>>>>

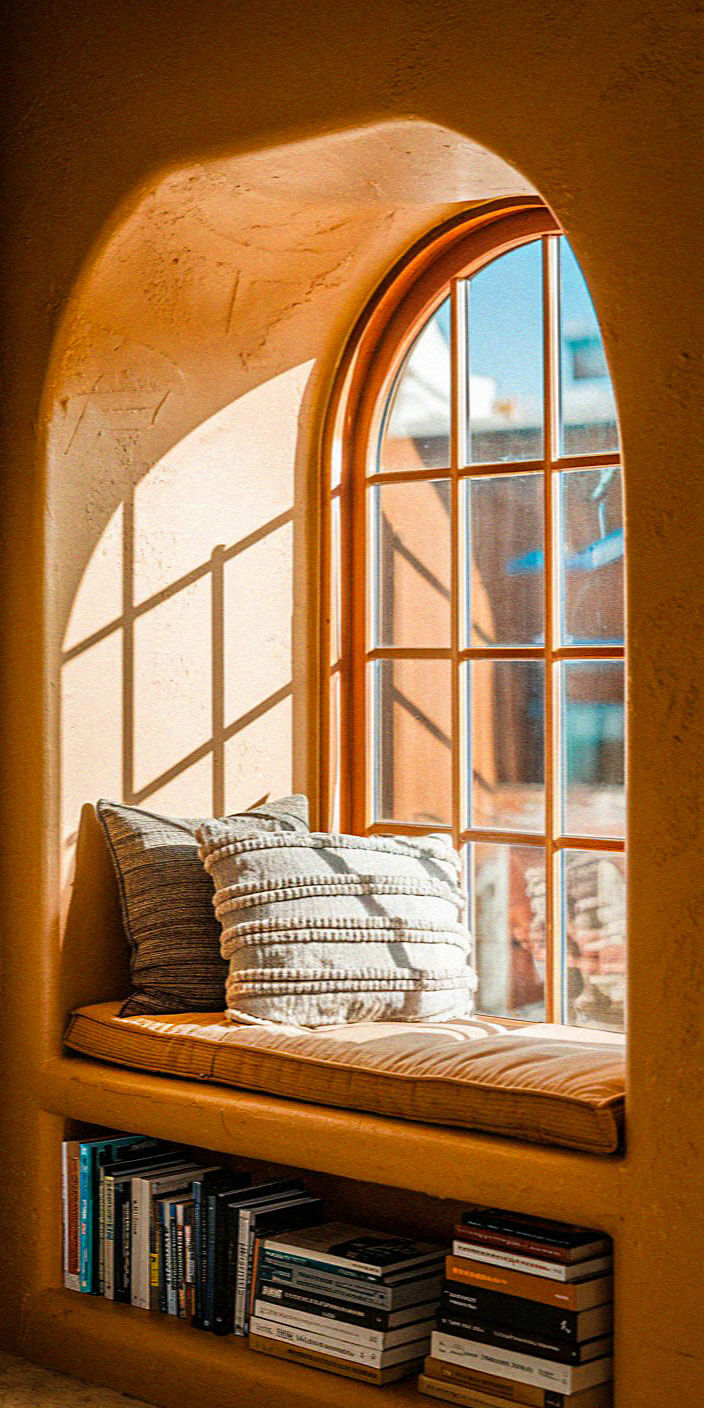Cozy nook with arched window, sunlight streaming in, cushioned seat, and bookshelves filled with various books, creating a warm, inviting atmosphere.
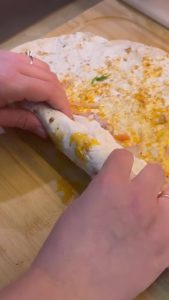 Rolling a finished chicken tantuni wrap tightly.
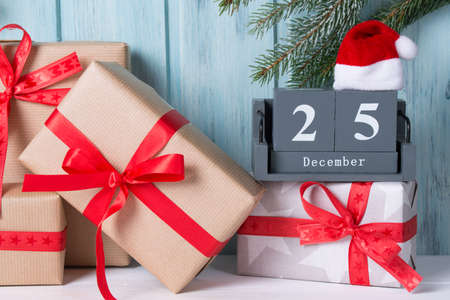 Christmas block calendar with 25 December and gift boxes, wooden backgroundの写真素材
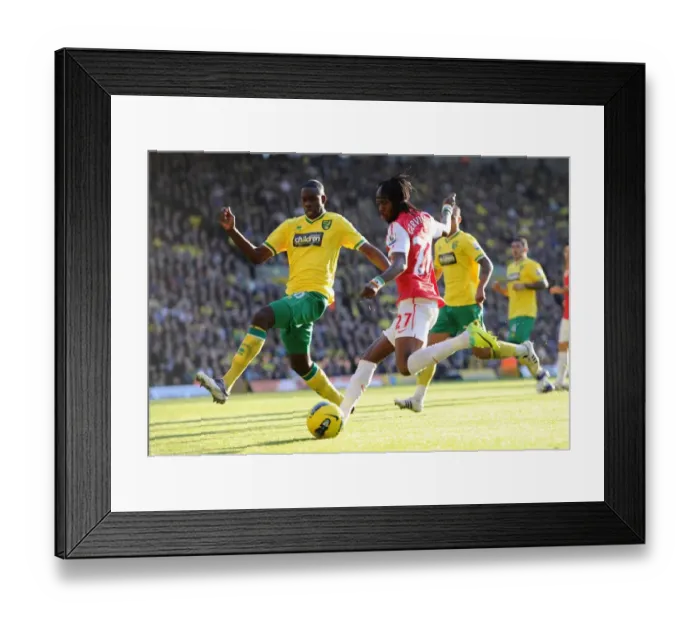 Framed Print : Gervinho vs. Barnett: Clash at Carrow Road - Premier League Showdown, Norwich City vs. Arsenal (19 / 11 / 11) Framed Print : Gervinho vs. Barnett: Clash at Carrow Road - Premier League Showdown, Norwich City vs. Arsenal (19 / 11 / 11)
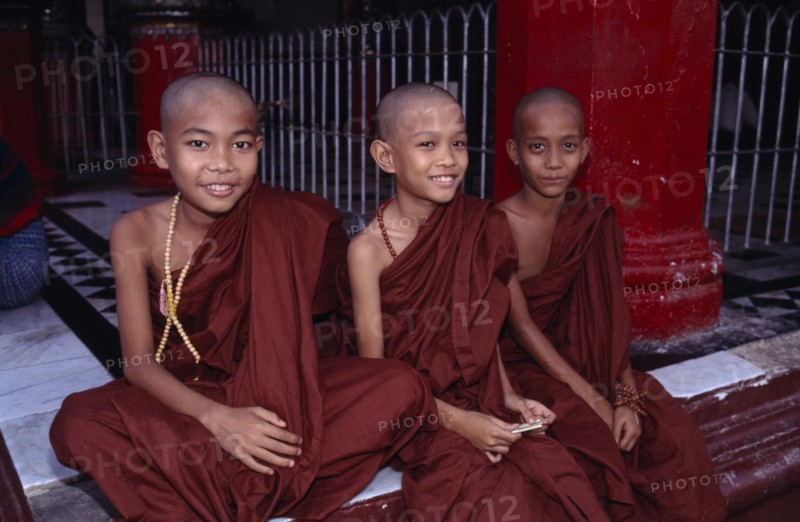 MYANMAR, Yangon, Shwedagon Pagoda, Three young monks sitting on the floor at the front of the temple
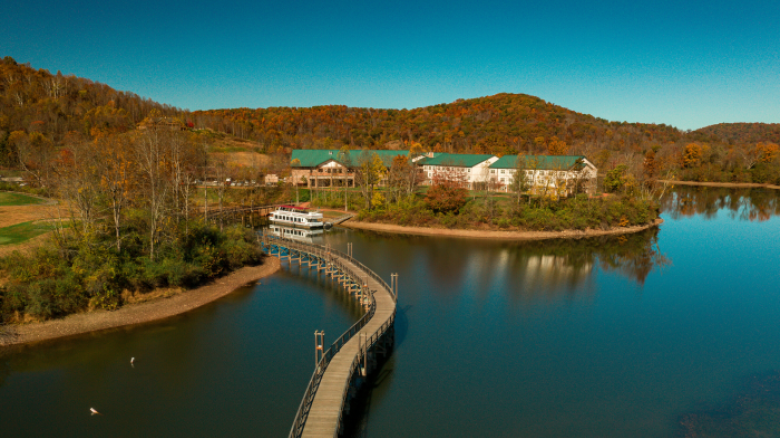 A scenic view of a lake with a curved boardwalk leading to a building surrounded by autumn trees and hills under a clear blue sky.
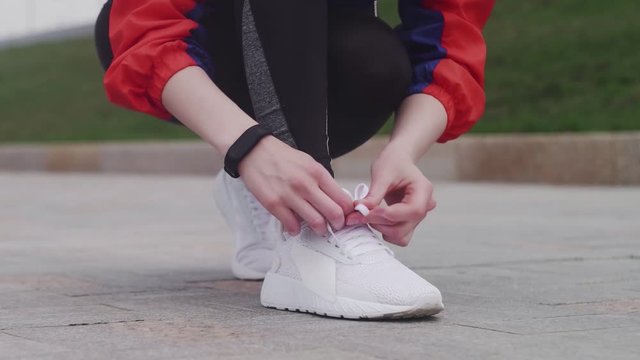 Young sporty female tying shoe lace and strating running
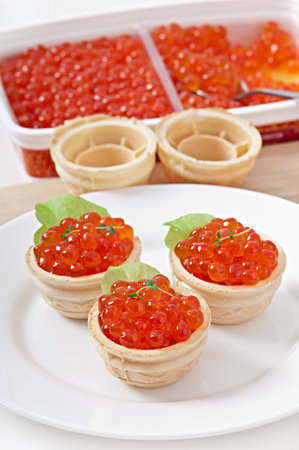 Tartlets with red caviarの写真素材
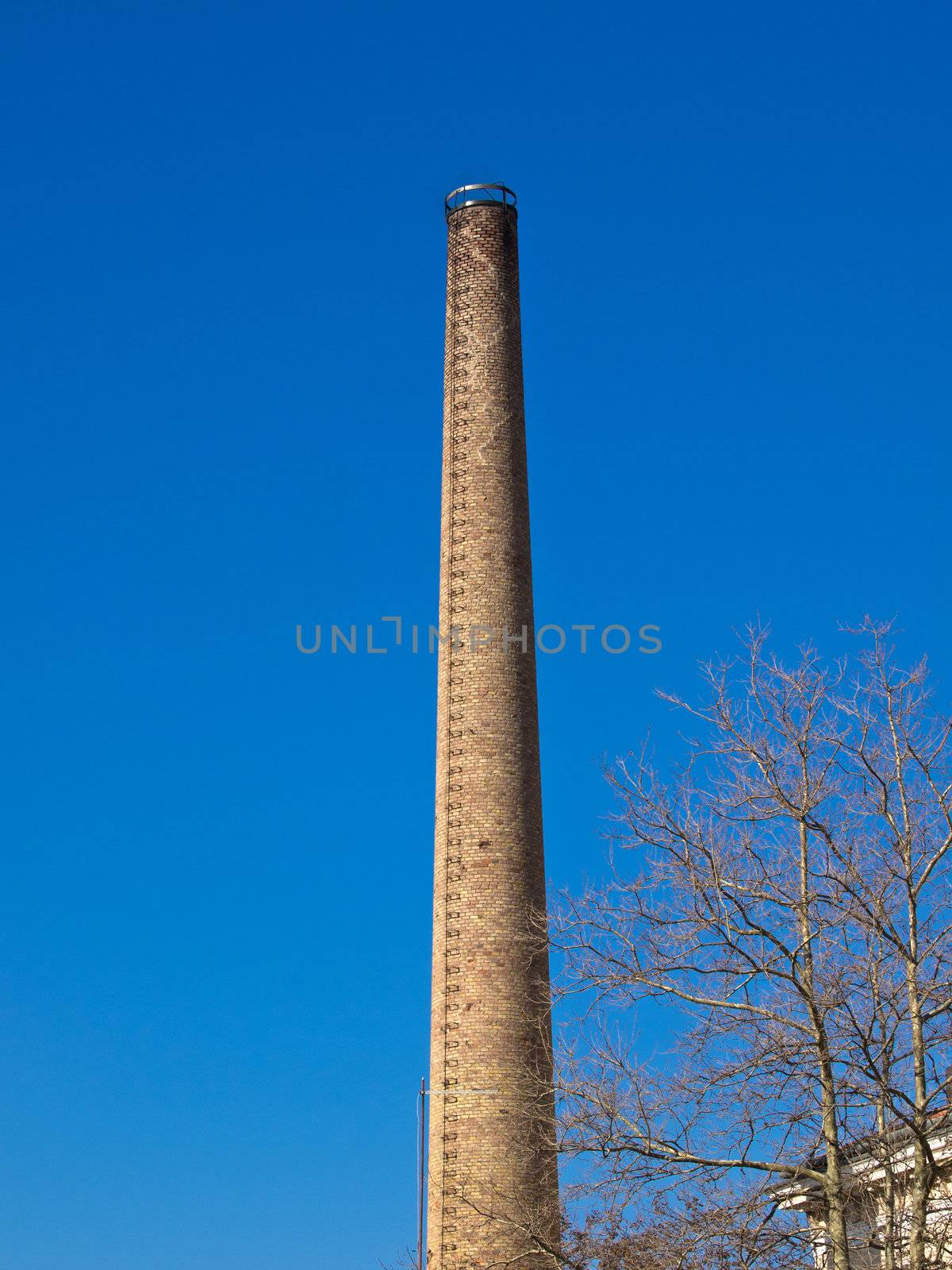 old factory chimney made of red bricks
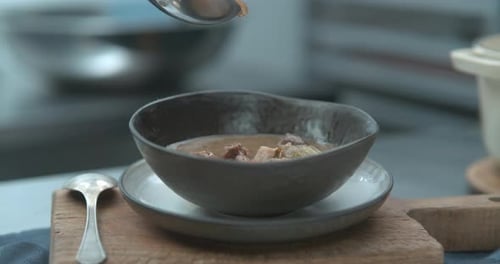 Hearty Beef Stew Being Ladled Into Ceramic Bowl Closeup in Ultra Slow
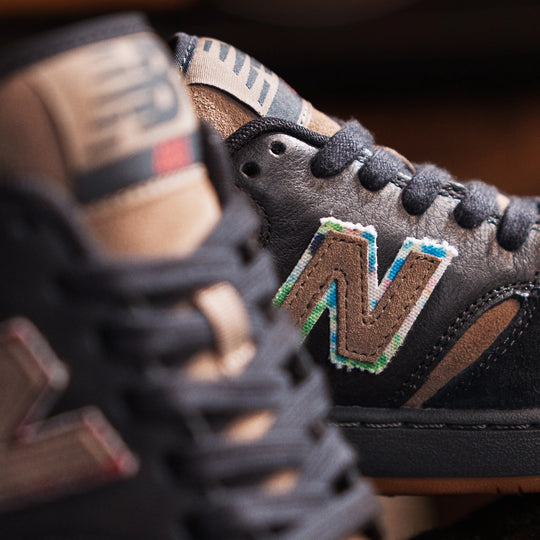 Close-up of a New Balance sneaker with a focus on the brand logo.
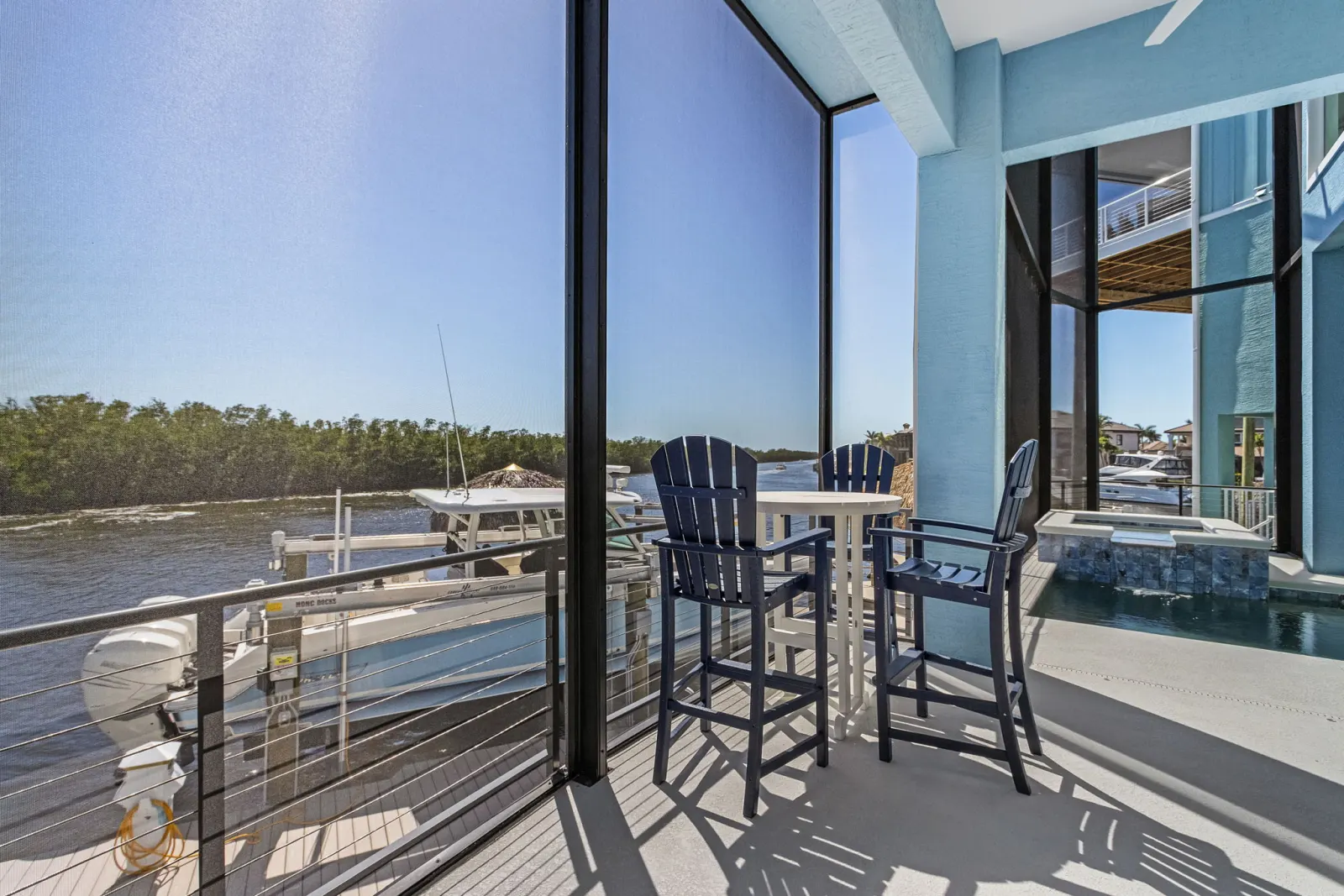 Balcony bar seating at The Marlin, a custom home built by Marvin Homes in Cape Coral, Florida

<<<<

→ **Activity**:
An exact copy is needed of the stretch above that opens with the line containing "Rolling a finished" and closes with the line containing "Christmas block calendar"; the pictures are not part of it.

→ **Completed exercise**:
 Rolling a finished chicken tantuni wrap tightly.
 Christmas block calendar with 25 December and gift boxes, wooden backgroundの写真素材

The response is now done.